Looking at China through an ASEAN lens

By David Olsson

Recognising the challenges and grasping new opportunities for the Australia – China relationship has always been a topic at the forefront of our minds. Earlier this month, the ASEAN-Australia Special Summit held in Melbourne provided insights into how Australia’s regional neighbours are framing their engagement with China.

I was fortunate to attend a number of business-related events, and to hear from regional leaders and CEOs from Australian and South East Asian businesses. The discussions were dynamic and filled with promise. The enthusiasm for engagement and the opportunities ahead were reminiscent of the excitement that surrounded the emergence of the China opportunity a decade or more ago.

There is no denying that ASEAN presents Australian business with similar growth opportunities for growth that the now more developed markets of China offered in those earlier years.

The recent announcement by the Australian government of a comprehensive package of initiatives, including financing facilities, new regional landing pads, business champions, and business missions is both exciting and poised to catalyse two-way private sector trade and investment into the region.

However, it’s essential to acknowledge that achieving the ASEAN ambition will require sustained effort.

As mentioned last month in the context of our broader China relationship, seizing this opportunity demands a mindset change among Australian corporates. It is no longer just about exporting more commodities into the region or attracting more tourists or students.

An editorial in the AFR editorial summarised the situation: “With many ASEAN members committed to a net zero emissions target by 2050, there are tremendous opportunities for Australia to assist with the region’s energy transition needs, not only as a source of renewable energy supply but also via technology and financing for the infrastructure to support the transition. There are also opportunities in healthcare and the digital economy.”

These same opportunities have been identified by Chinese companies as well.

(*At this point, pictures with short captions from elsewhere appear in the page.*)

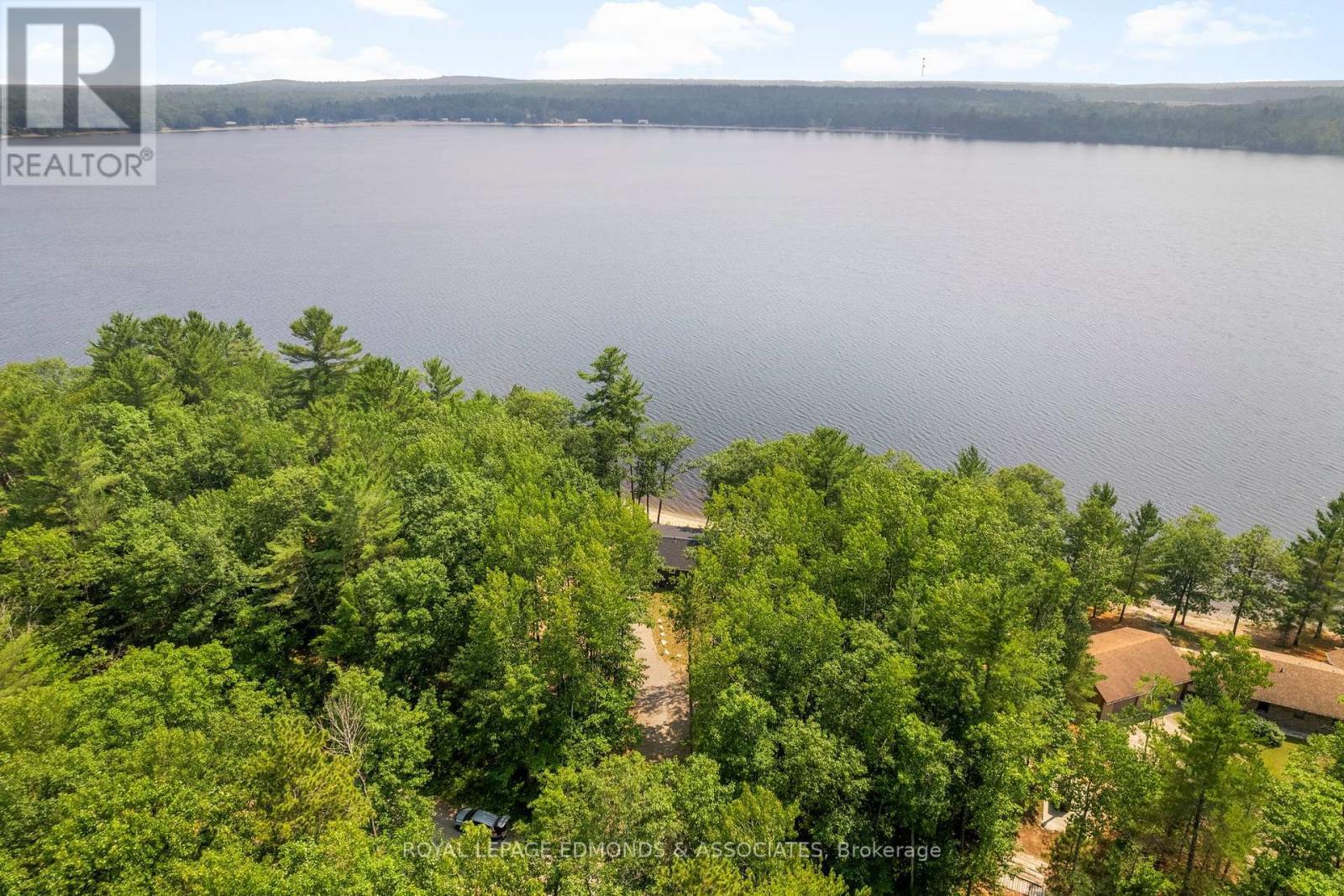 












358 LACHLAN LANE

,
Whitewater Region,




Ontario
K0J2L0


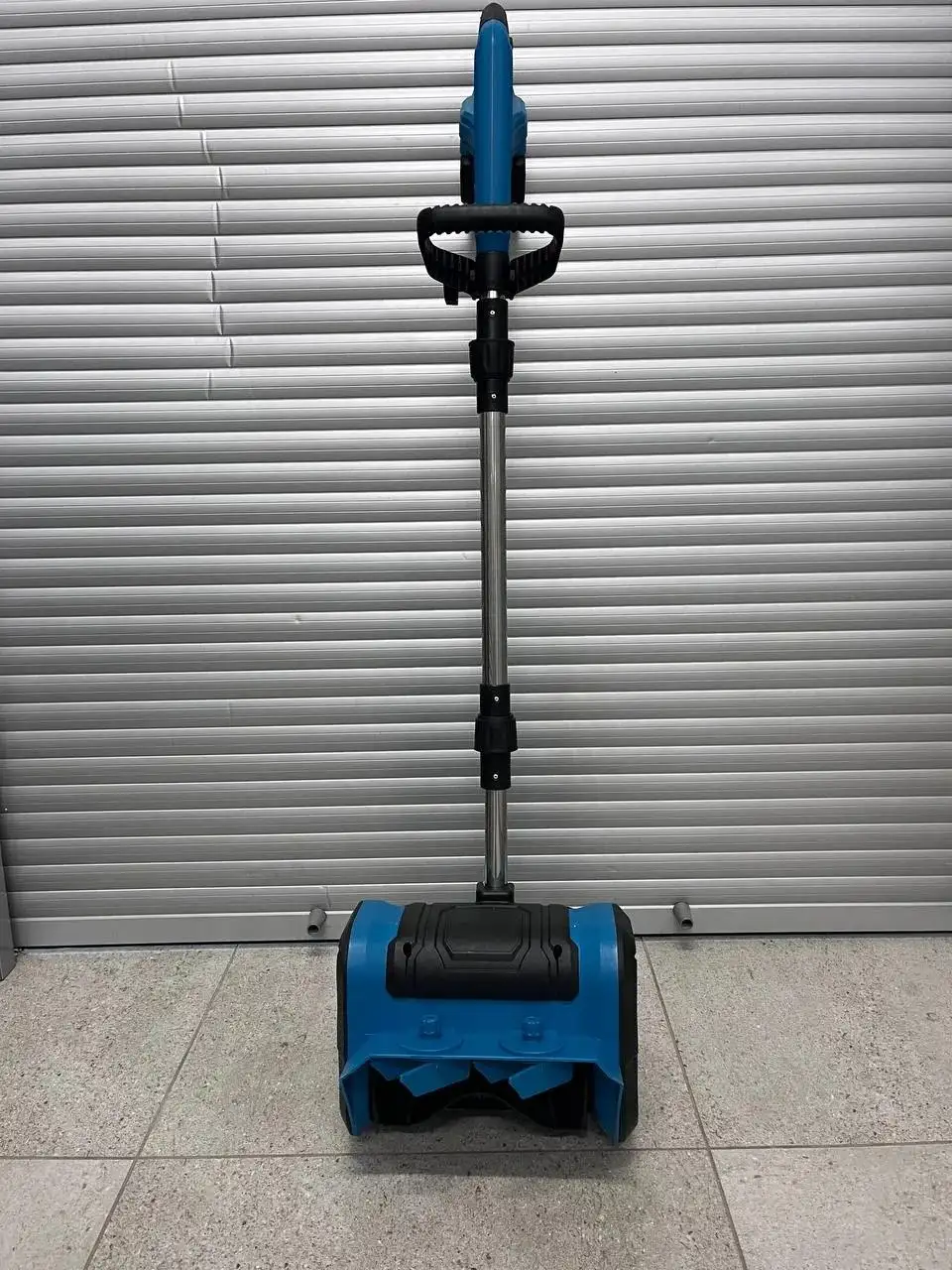 Аккумуляторная лопата с регулировкой выброса снега - Снегоуборочная техника (Барахолка) в Томск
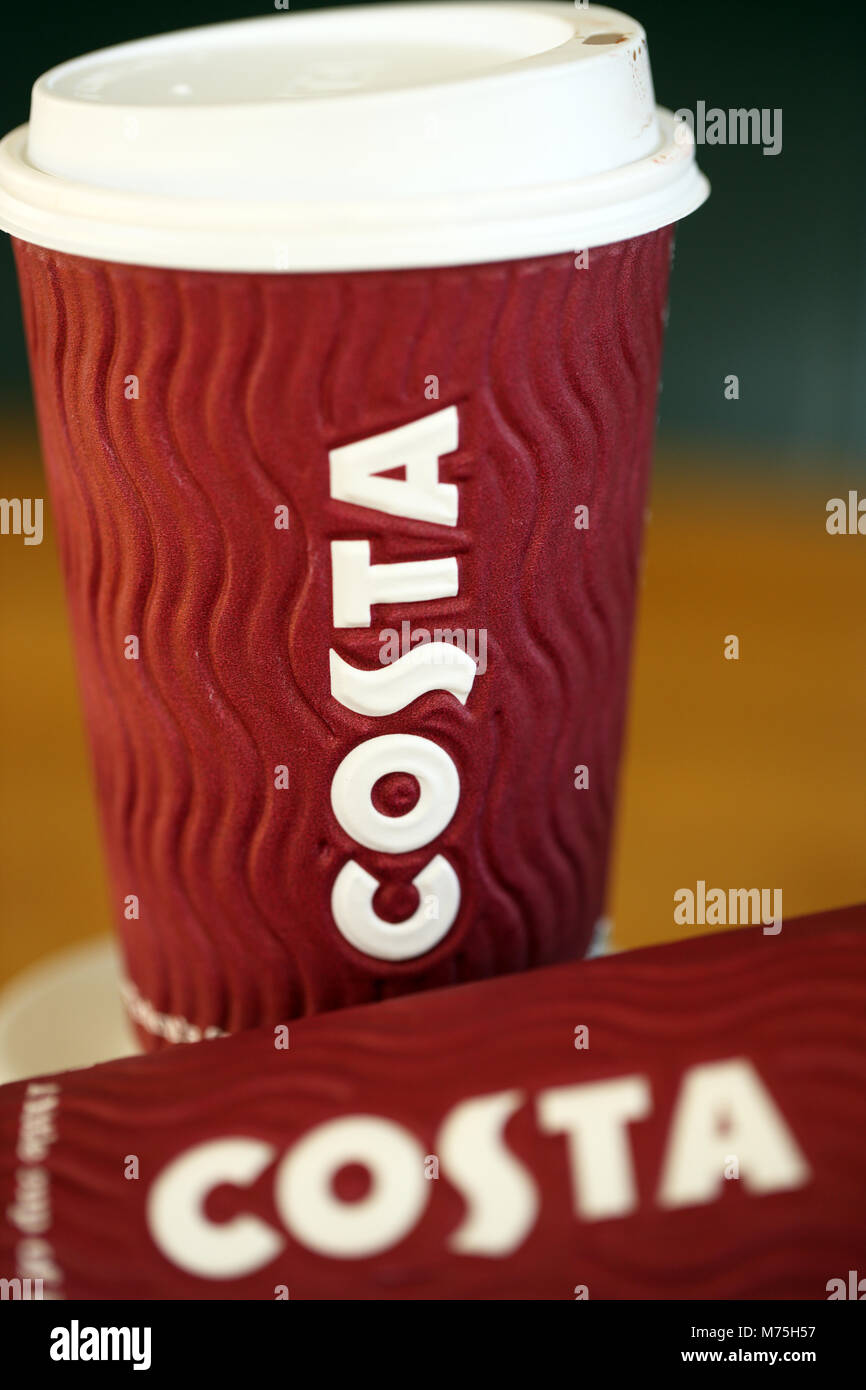 Le Costa Coffee cups à emporter en plastique Banque D'Images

ASEAN now stands as China’s largest trading partner, with capital, expertise, and people rapidly moving between them to drive growth and seize new opportunities. Landmark agreements like the ASEAN-China Free Trade Agreement (ACFTA) and the Regional Comprehensive Economic Partnership (RCEP) have accelerated trade growth through tariff cuts and closer supply chain links.

China and ASEAN are reshaping their supply chains, using trade and investment into the region to build new value chains, build economic and trade cooperation zones, and create local jobs.

While discussions around China’s relationship with ASEAN were prevalent at the Melbourne Summit, the broader Australian commentary tended to focus on maritime security issues and ways in which each nation was hedging its China relationship – overlooking the fact that economic cooperation with China is driving economic integration, cooperation, and regional growth.

This presents a new and compelling opportunity for Australian businesses, namely, engaging with China in ASEAN countries.

Deepening engagement with ASEAN and its member states is a priority for Australia. However, let’s explore our strong China business relationships and hard-earned international business capabilities to uncover opportunities in the region.